From 40424456d7ef8ebf5117a0ef6eda3639232e5ea1 Mon Sep 17 00:00:00 2001
From: Meghan <meghanic96@gmail.com>
Date: Wed, 18 Feb 2026 16:23:24 -0500
Subject: [PATCH 5/7] all tests now pass, and all divnorm tests have been
 removed

---
 tests/test_predictivenet.py | 325 +++++++++++-------------------------
 tests/test_trainnet.py      | 131 ---------------
 2 files changed, 95 insertions(+), 361 deletions(-)

diff --git a/tests/test_predictivenet.py b/tests/test_predictivenet.py
index a469e2a4..3d08055b 100644
--- a/tests/test_predictivenet.py
+++ b/tests/test_predictivenet.py
@@ -236,236 +236,101 @@ def test_predOffset_values(self, mock_env, base_architecture_kwargs):
             )
 
 
-# # ============================================================================
-# # TEST 4: CELL-SPECIFIC PARAMETERS FLOW CORRECTLY
-# # ============================================================================
-
-
-# class TestCellParameters:
-#     """Test that cell-specific parameters reach the cell correctly"""
-
-#     def test_divnorm_parameters_reach_cell(self, mock_env, base_architecture_kwargs):
-#         """Test that DivNorm parameters are correctly passed to cell"""
-#         kwargs = {
-#             **base_architecture_kwargs,
-#             "target_mean": 0.8,
-#             "k_div": 2.0,
-#             "sigma": 1.5,
-#             "train_divnorm": False,
-#         }
-
-#         net = PredictiveNet(
-#             mock_env, pRNNtype="Masked", hidden_size=100, cell="DivNormRNNCell", **kwargs
-#         )
-
-#         cell = net.pRNN.rnn.cell
-
-#         # Check parameters reached the cell
-#         assert hasattr(cell, "divnorm"), "Cell should have divnorm module"

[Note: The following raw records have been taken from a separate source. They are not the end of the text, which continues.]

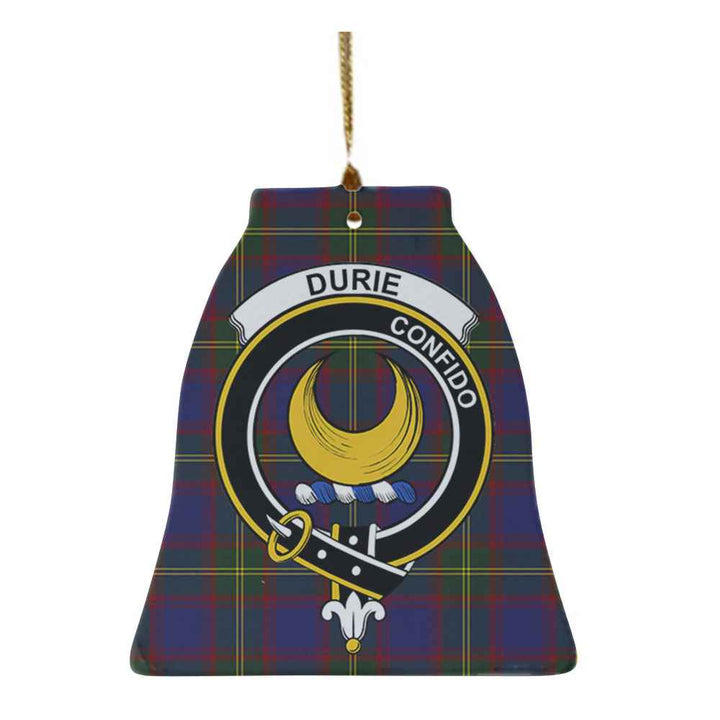 Scottish Durie Clan Crest Tartan Ceramic Ornament Bell Shape Tartan Plaid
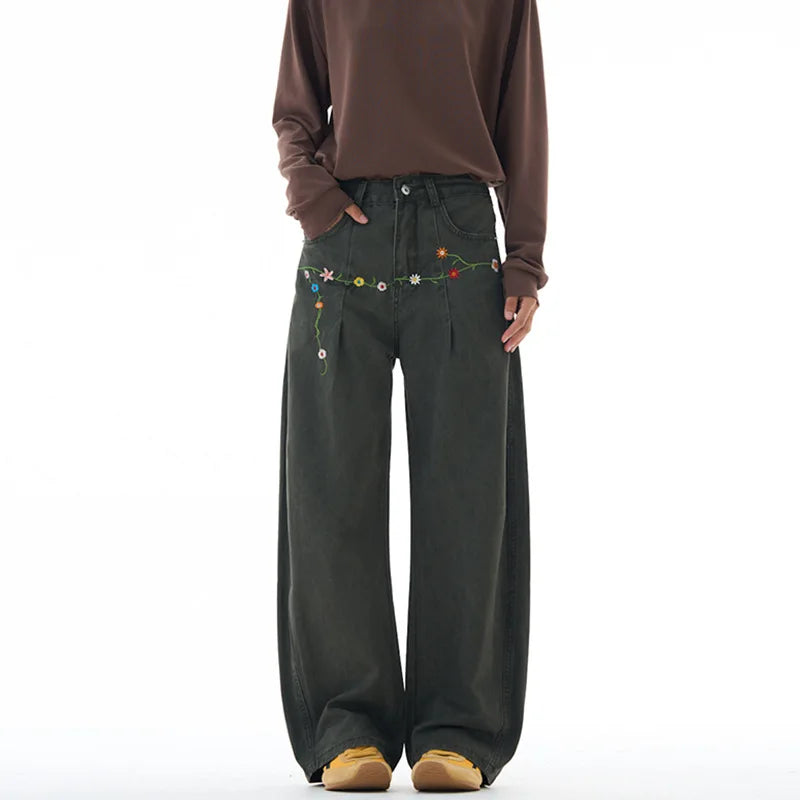 Retro Floral Embroidered Demin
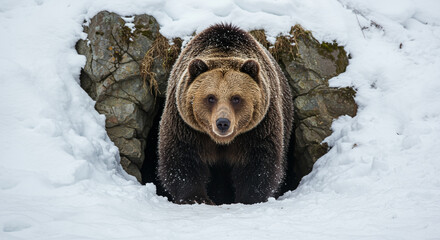 Curious brown bear emerging from a snowy burrow, gazing directly at the camera.
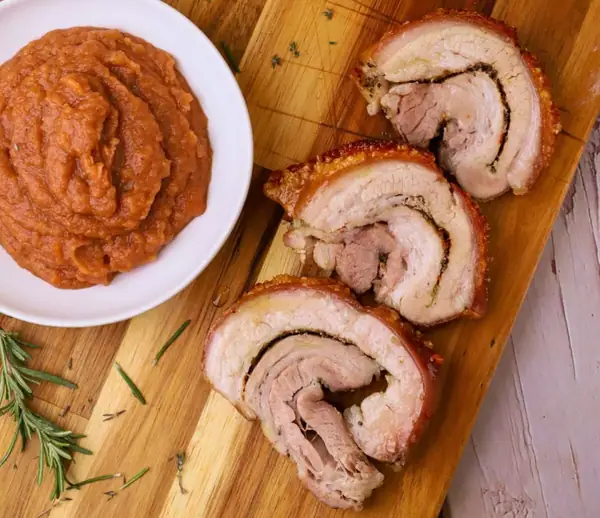 Porchetta with Apple Sauce (Italian Pork Roast)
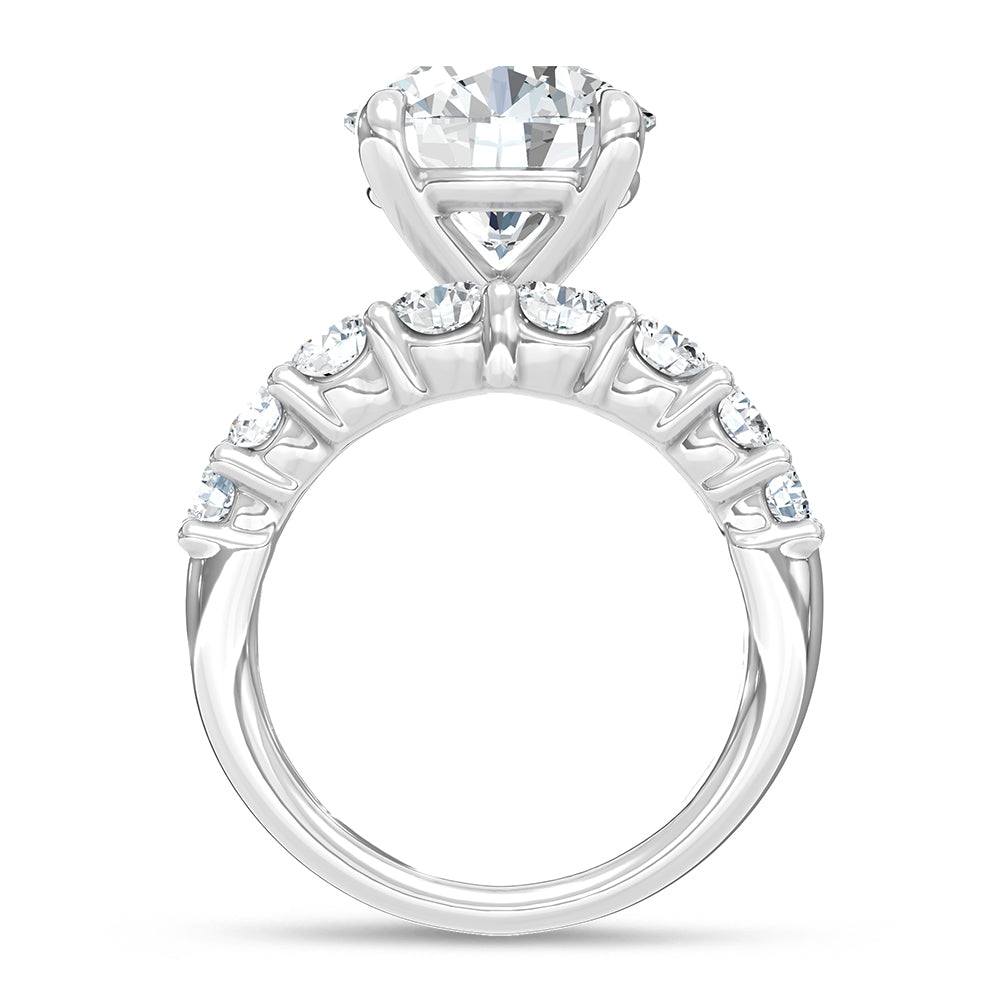 14K White Gold Lab Grown Diamond 8 3/4 Ct.Tw. Engagement Ring (Round 5ct Center)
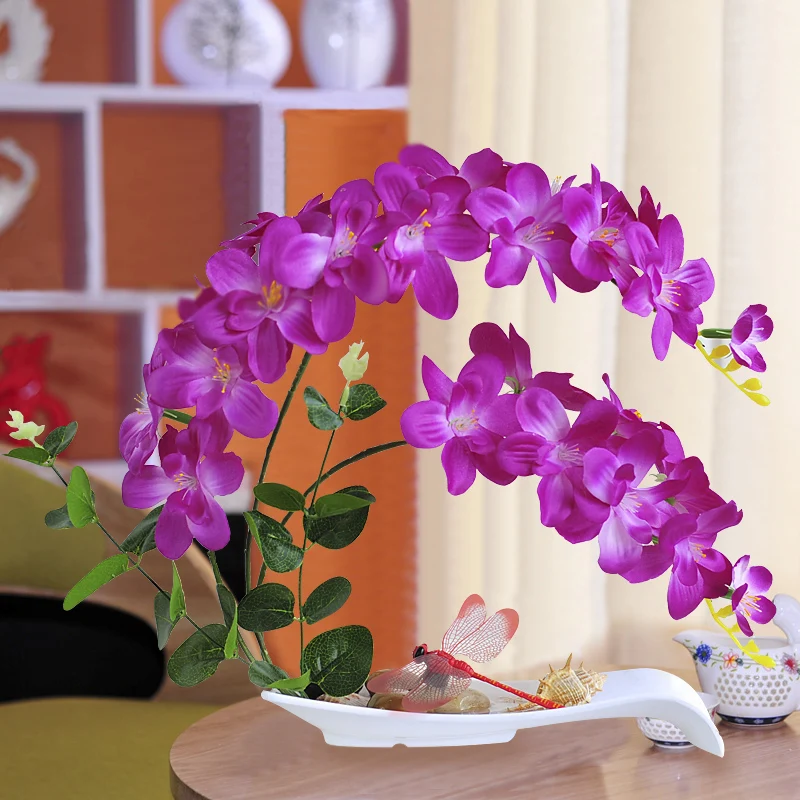

Phalaenopsis Simulation Flower Pot View Suit Office Fake Flower Living Room Table Indoor Home Potted Decoration Ornaments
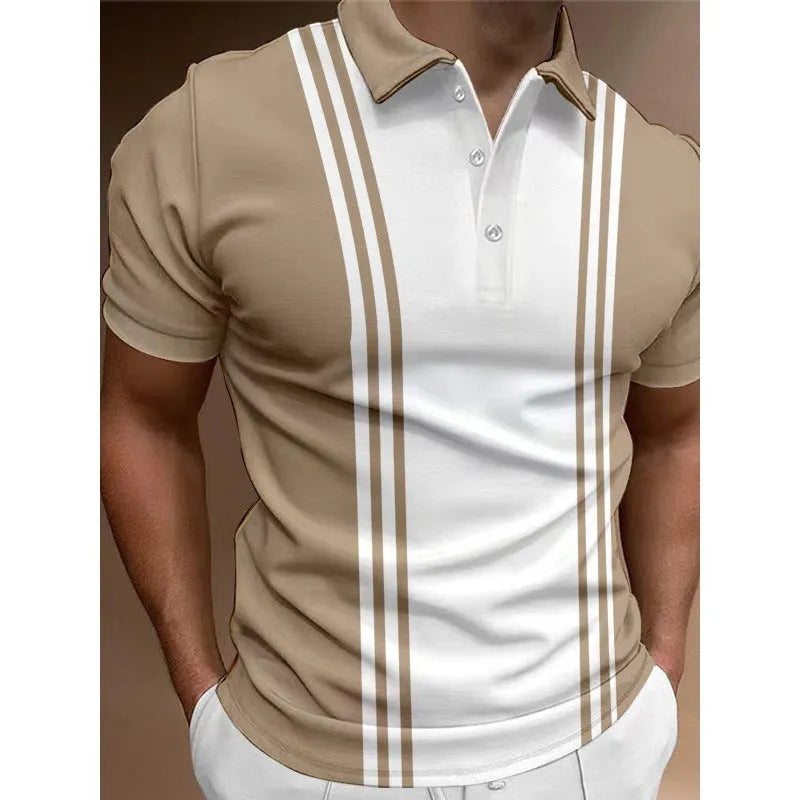 Casual men's T-shirt with three-button lapel in khaki colour, loose fit, short sleeves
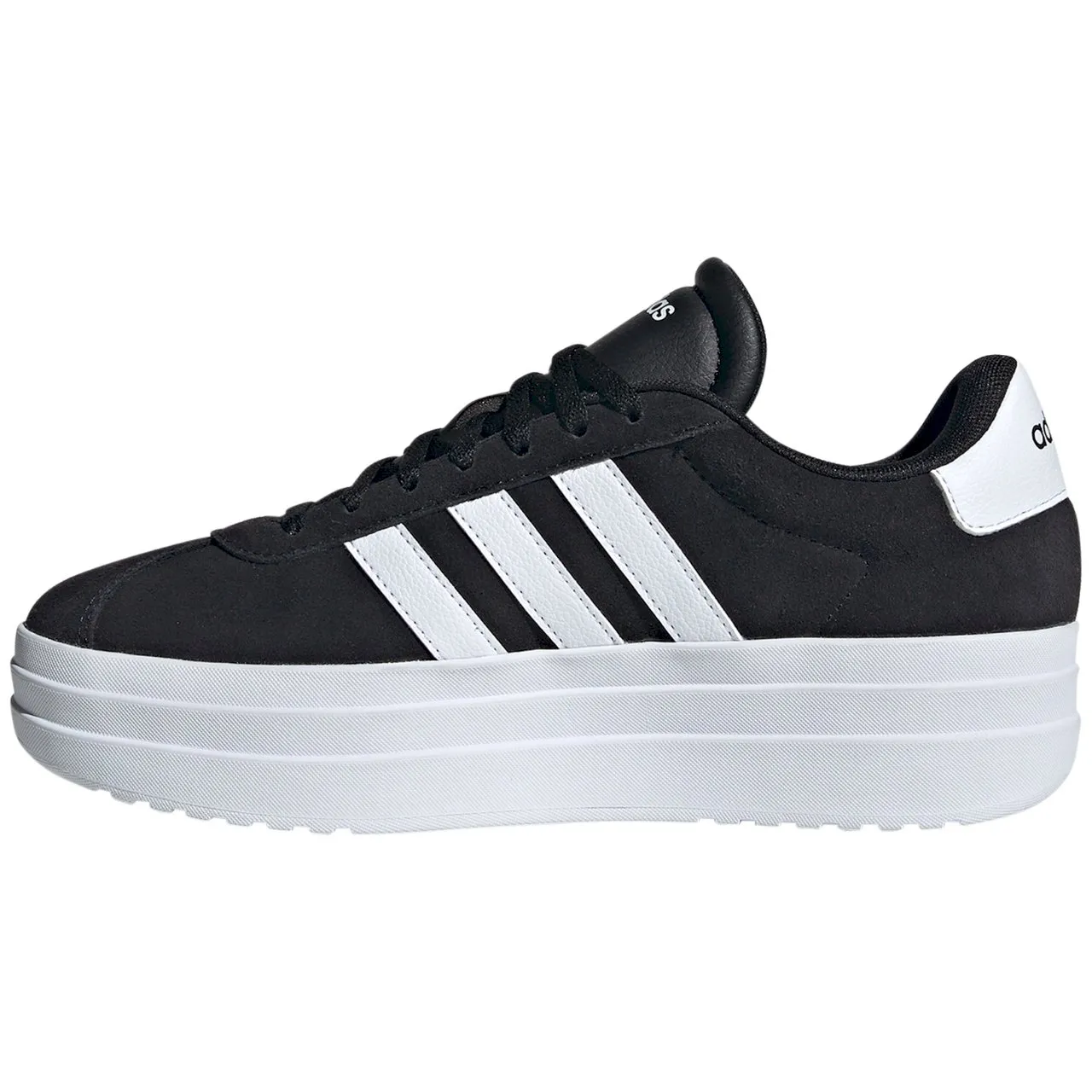 Pantofi din piele de căprioară neagră pentru femei Adidas VL Court Bold IH9995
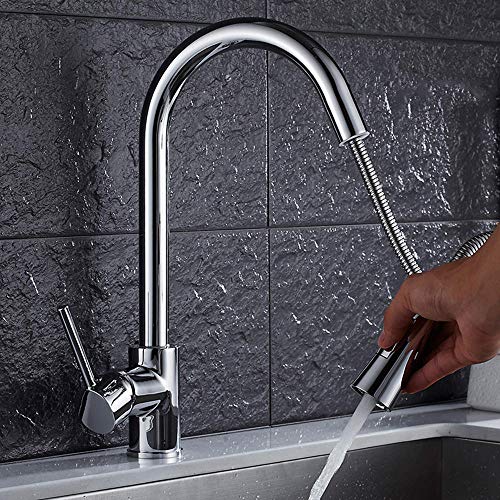 Robinet de cuisine noir extractible laiton chrome mitigeur évier 2 modes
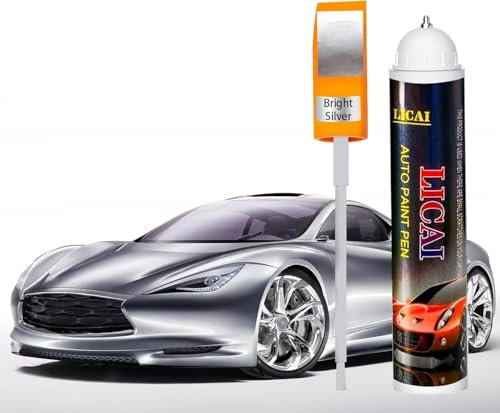 BESCH Pintura para Retocar Arañazos Coche - Pluma Reparador para Desconchones de Piedra y Arañazos del Coches 12ml (Plata)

-#         assert hasattr(cell, "target_mean"), "Cell should have target_mean"
-#         assert cell.target_mean == 0.8, f"Expected target_mean=0.8, got {cell.target_mean}"
-
-#         # Check k_div and sigma values
-#         assert cell.divnorm.k_div.item() == 2.0, (
-#             f"Expected k_div=2.0, got {cell.divnorm.k_div.item()}"
-#         )
-#         assert cell.divnorm.sigma.item() == 1.5, (
-#             f"Expected sigma=1.5, got {cell.divnorm.sigma.item()}"
-#         )
-
-#     def test_divnorm_trainable_parameters(self, mock_env, base_architecture_kwargs):
-#         """Test that train_divnorm correctly makes parameters trainable"""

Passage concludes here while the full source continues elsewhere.